Does this make me a bad mom??

I was responding to the idea that leaving the child behind means the parent will regret not having them there. Other children present or not, no one but the OP can say whether or not she will regret it. Did I miss my Dd? Absolutely. But I didn't regret not bringing her because the trip would have been significantly different had we brought her. It just made me excited to bring her next time.
 
I was responding to the idea that leaving the child behind means the parent will regret not having them there. Other children present or not, no one but the OP can say whether or not she will regret it. Did I miss my Dd? Absolutely. But I didn't regret not bringing her because the trip would have been significantly different had we brought her. It just made me excited to bring her next time.
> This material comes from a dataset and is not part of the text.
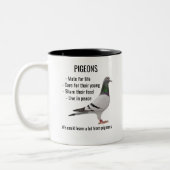 ハトの学愛好家としては、ハトに関する多くのことができる ツートーンマグカップ (左)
But I think it's different when it's an adults only trip versus one with other kids. The OP had a four year old as well so many of the inconveniences about bringing a two year old could very well apply to the four year old too. I also think the fact that the OP made this post shows she's already have second thoughts about bringing the youngest, which could only intensify when they're at the parks and she sees other toddler having a wonderful time.
 
But I think it's different when it's an adults only trip versus one with other kids. The OP had a four year old as well so many of the inconveniences about bringing a two year old could very well apply to the four year old too. I also think the fact that the OP made this post shows she's already have second thoughts about bringing the youngest, which could only intensify when they're at the parks and she sees other toddler having a wonderful time.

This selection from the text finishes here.